• Work required: The goal is an unaltered copy of the records below, minus any images.

--

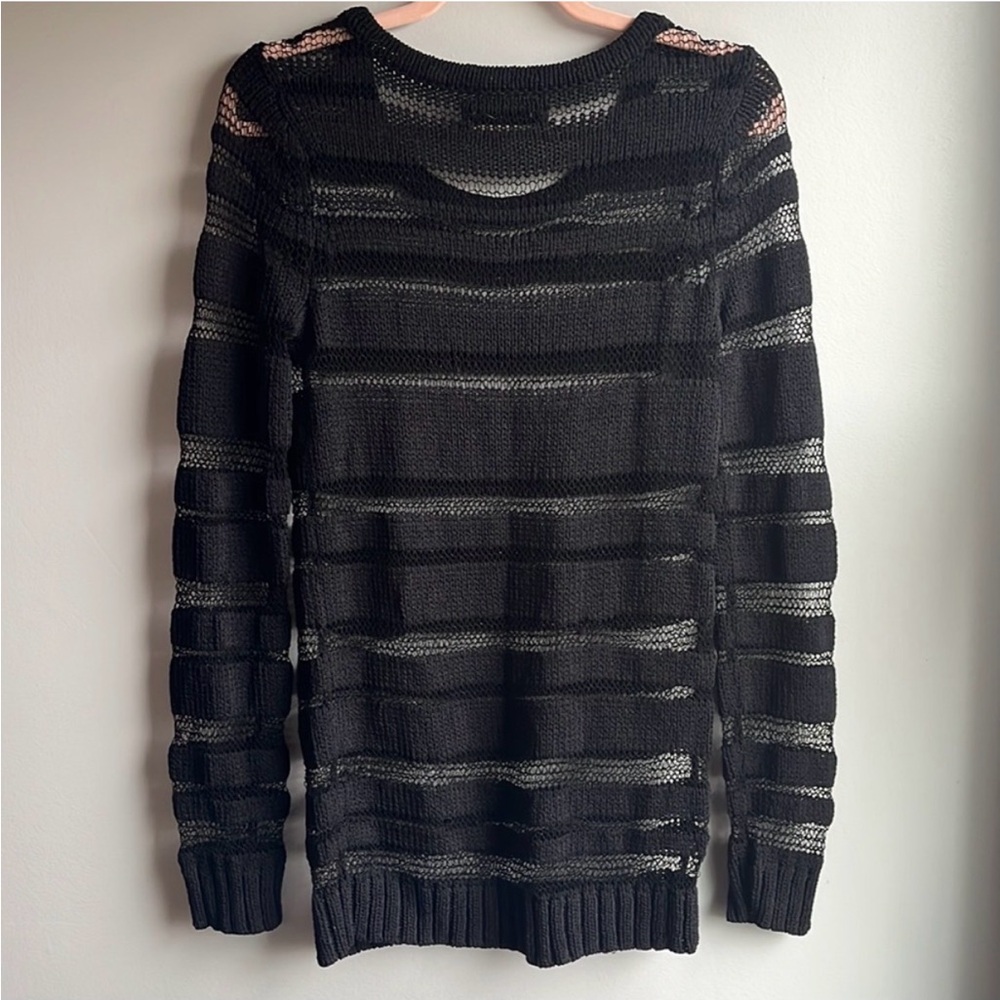RAG & BONE Black Tunic Sheer Striped Sweater - SMALL
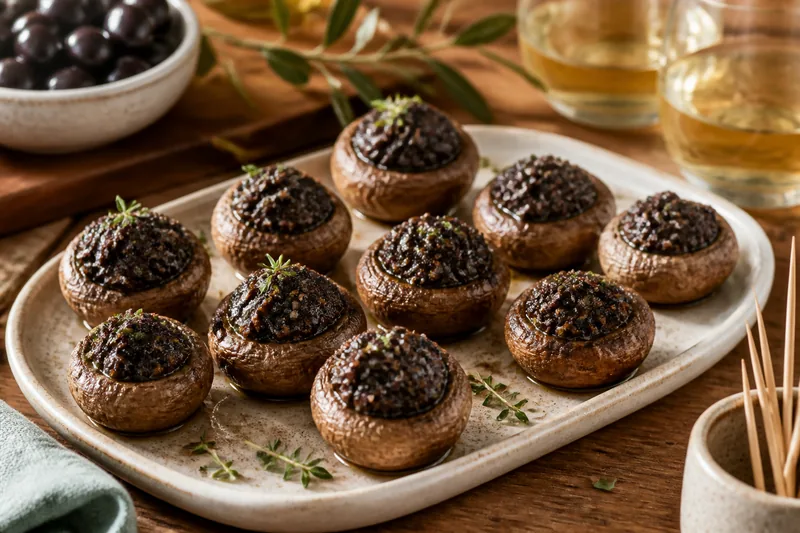 Champignon apéritif à la tapenade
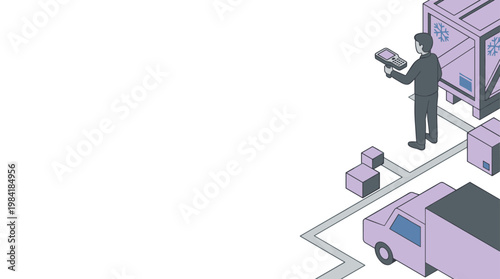 A focused warehouse employee utilizes a digital handheld scanner to inventory refrigerated shipping containers within a minimalist purple and grey industrial environment.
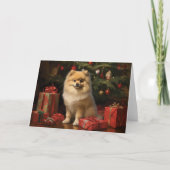 ポメラニア犬クリスマスカード3 サンキューカード (正面)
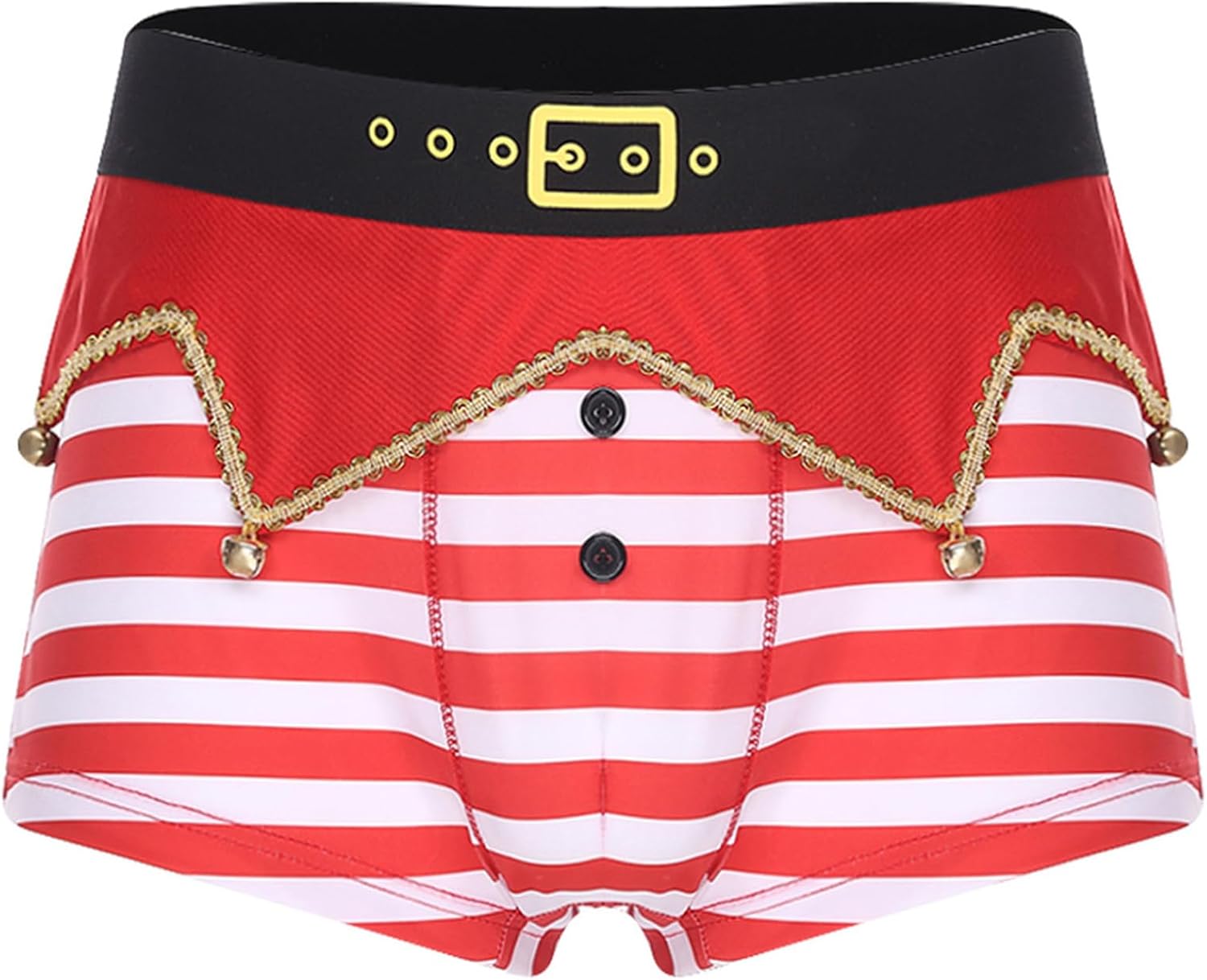 Men Christmas Funny Boxer Briefs Novelty Striped Underwear with Bells & Irregular Panel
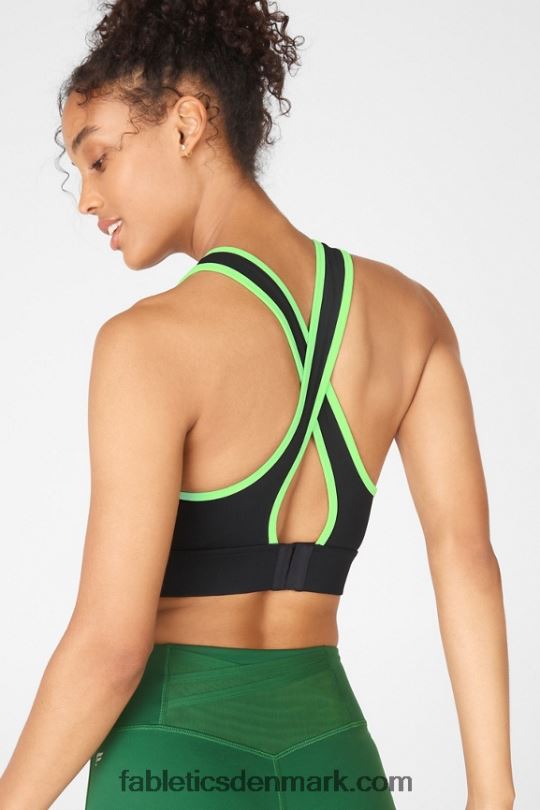 Fabletics Kvinder blaar cross back medium impact sports bh PNX2T1884 sort/lime twist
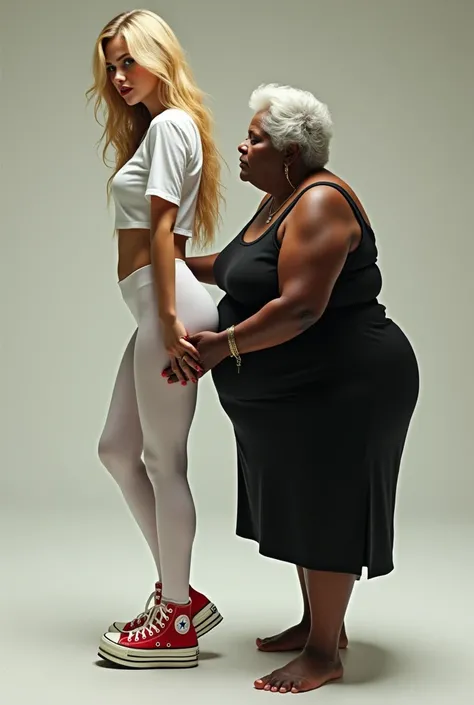 A beautiful looking young woman is wearing only white tights and Chuck Taylor All Star Platform white and high on her feet and she is wearing a short white shirt and she has blond and long hair and there is a 90 year old elderly dark skinned obese woman wh...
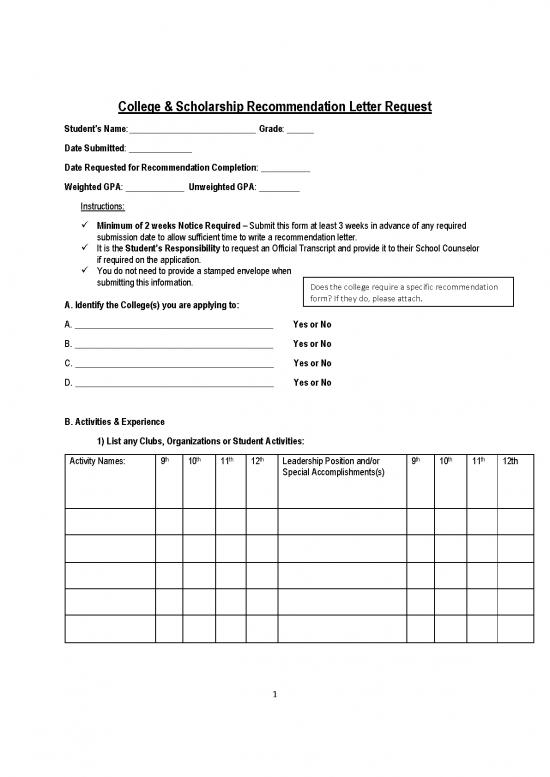 Scholarship Application Letter Sample Pdf 47577 | Senior Brag Sheet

--

• Written solution:
RAG & BONE Black Tunic Sheer Striped Sweater - SMALL
 Champignon apéritif à la tapenade
 A focused warehouse employee utilizes a digital handheld scanner to inventory refrigerated shipping containers within a minimalist purple and grey industrial environment.
 ポメラニア犬クリスマスカード3 サンキューカード (正面)
 Men Christmas Funny Boxer Briefs Novelty Striped Underwear with Bells & Irregular Panel
 Fabletics Kvinder blaar cross back medium impact sports bh PNX2T1884 sort/lime twist
 A beautiful looking young woman is wearing only white tights and Chuck Taylor All Star Platform white and high on her feet and she is wearing a short white shirt and she has blond and long hair and there is a 90 year old elderly dark skinned obese woman wh...
 Scholarship Application Letter Sample Pdf 47577 | Senior Brag Sheet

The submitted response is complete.